Major League Baseball final standings Edit
|1st||New York Yankees||101||61||.623||--|
|2nd||Boston Red Sox *||98||64||.605||3.0|
|4th||Tampa Bay Devil Rays||70||91||.435||30.5|
|5th||Toronto Blue Jays||67||94||.416||33.5|
|2nd||Chicago White Sox||83||79||.512||9.0|
|5th||Kansas City Royals||58||104||.358||34.0|
|4th||New York Mets||71||91||.438||25.0|
|1st||St. Louis Cardinals||105||57||.648||--|
|2nd||Houston Astros *||92||70||.568||13.0|
|1st||Los Angeles Dodgers||93||69||.574||--|
|2nd||San Francisco Giants||91||71||.562||2.0|
|3rd||San Diego Padres||87||75||.537||6.0|
- The asterisk denotes the club that won the wild card for its respective league.
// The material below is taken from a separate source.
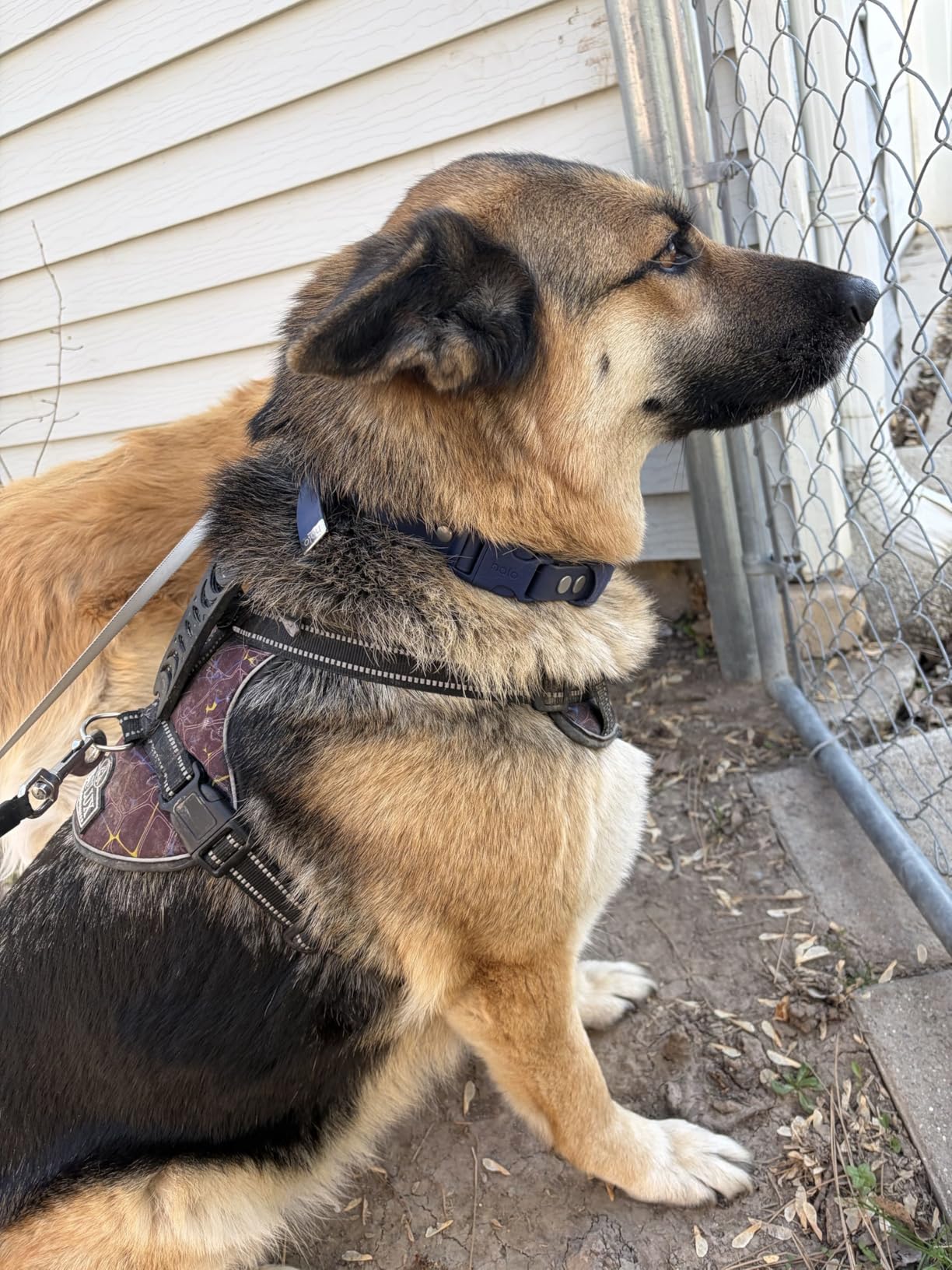 Halo Collar 5 Wireless Dog Fence & GPS Dog Collar, Keep Your Dog Safely Contained Outdoors with App-Controlled Boundaries and Real-Time Tracking, One Size, Orchid customer photo 1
- February 15 - Alex Rodriguez is traded by the Texas Rangers to the New York Yankees in exchange for Alfonso Soriano and a player to be named later.
- April 12 - Barry Bonds ties his godfather Willie Mays for third on the all-time career home run list with his 660th home run coming in the fifth inning off of Milwaukee Brewers starter Matt Kinney.
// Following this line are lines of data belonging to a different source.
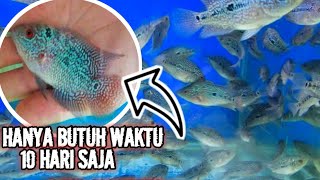 TIPS MEMBUAT BURAYAK LOUHAN CEPAT BESAR || CUMA PAKAI PAKAN ALA KADARNYA..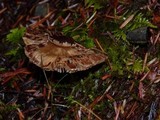 Tricholoma vaccinum image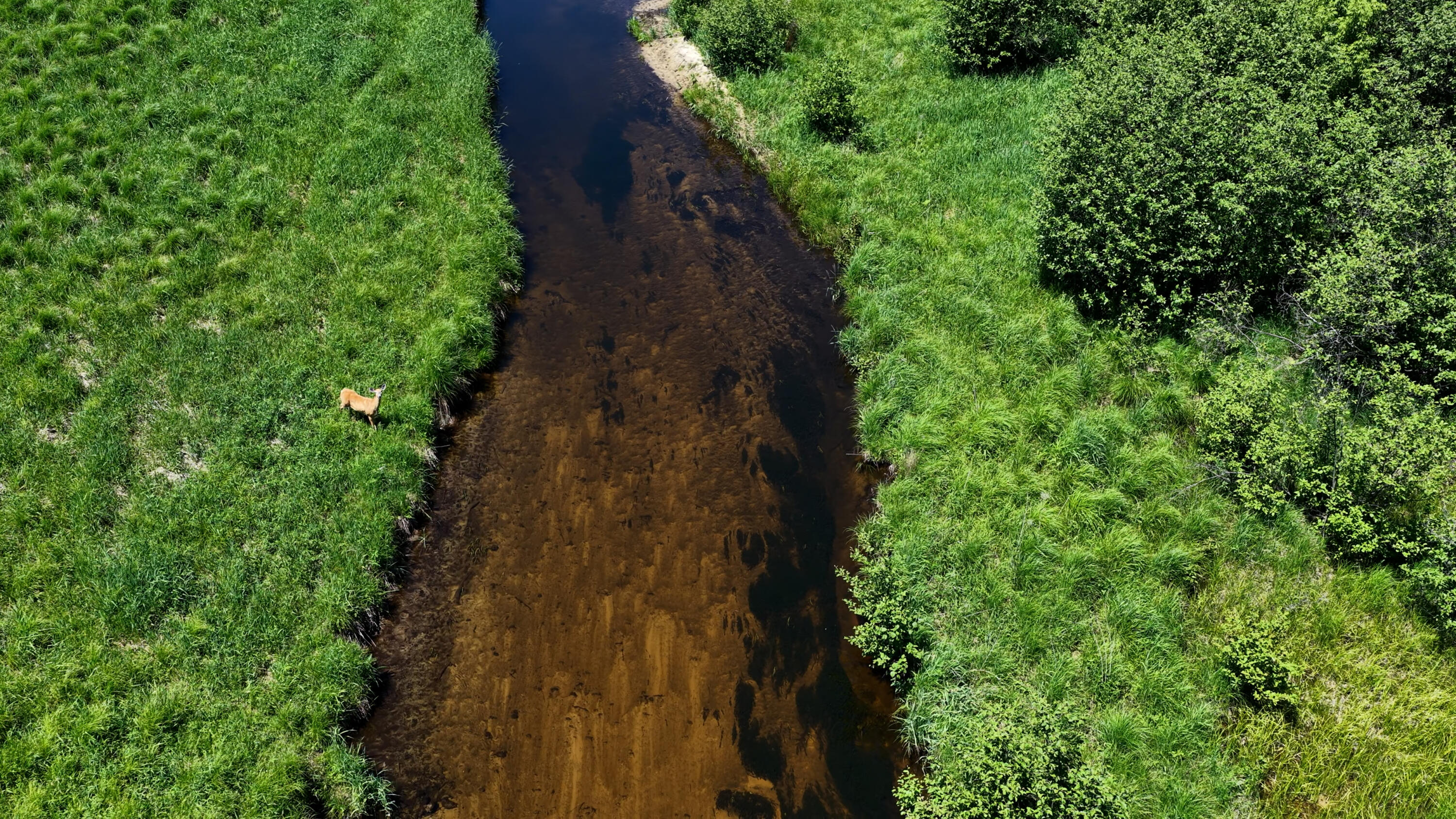 17274 Wilson Road Big Rapids, MI 49307 - Photo 43 of 51 DJI_20260608054318_0075_D.00_24_10_25.St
- April 12 - The Cincinnati Reds defeat the Philadelphia Phillies, 4-1, in the first game played at Philadelphia's Citizens Bank Park.
- April 13 - Pitchers Dennis Eckersley and Bruce Hurst, catcher-manager Bill Carrigan and infielders Wade Boggs, Billy Goodman and Pete Runnels are selected for induction into the Boston Red Sox Hall of Fame. The club's Hall of Fame selection committee conducted its voting at a meeting last fall.
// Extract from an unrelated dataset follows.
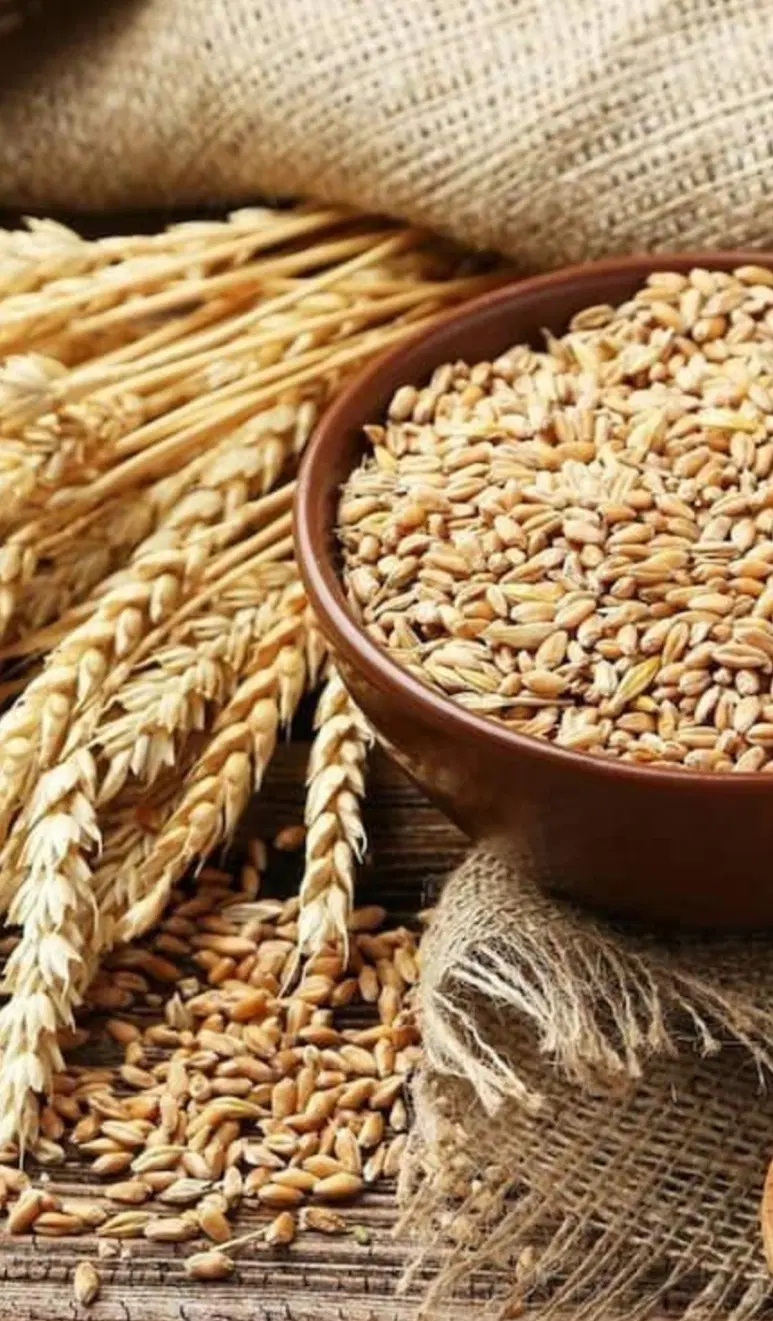 گندم|خوردنی و آشامیدنی|خوانسار, |دیوار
- April 27 - Chad Moeller becomes the fifth Milwaukee Brewers player to hit for the cycle, the first to do it at home, and the first since Paul Molitor did it on May 15, 1991 against the Minnesota Twins.
- May 8 - At Fenway Park, Pokey Reese has the first two-homer game of his career in the Boston Red Sox' 9-1 victory over the Kansas City Royals. Curt Schilling pitches his first AL complete game, and the 80th of his career, while striking out eight. Reese hits an inside-the-park home run and one of the conventional type over the Green Monster, to snap a 172 at-bat homerless streak dating to April 4, 2003. The last Red Sox player to hit a conventional homer and an inside-the-park homer in the same game was Tony Armas on September 24, 1983, at Tiger Stadium.
- May 18 - Arizona Diamondbacks pitcher Randy Johnson becomes only the 17th person in major league history to throw a perfect game, throwing 13 strikeouts on his way to a 2-0 defeat of the Atlanta Braves.
- May 26 - The Pittsburgh Pirates' Daryle Ward hits for the cycle in the Pirates' 11-8 victory over the St. Louis Cardinals. It has been done 23 times in Pittsburgh history and 243 times in the majors since 1882. Ward joins his father, Gary Ward, to become the first father-son combination in major league history to hit for the cycle. The senior Ward accomplished the feat on September 18, 1980, for the Minnesota Twins.
- May 28 - Mariano Rivera notches his 300th career save in the New York Yankees' 7-5 victory over the Tampa Bay Devil Rays. He also becomes the first Yankee and 17th reliever in major league history to reach the milestone.
- May 28 - Matt Clement becomes the 21st big league pitcher and the first Chicago Cubs pitcher in over a century to hit three batters in one inning, to tie a major league record. The victims plucked in the fifth inning of the first game of a doubleheader against Pittsburgh are Bobby Hill, Jason Kendall and Craig Wilson.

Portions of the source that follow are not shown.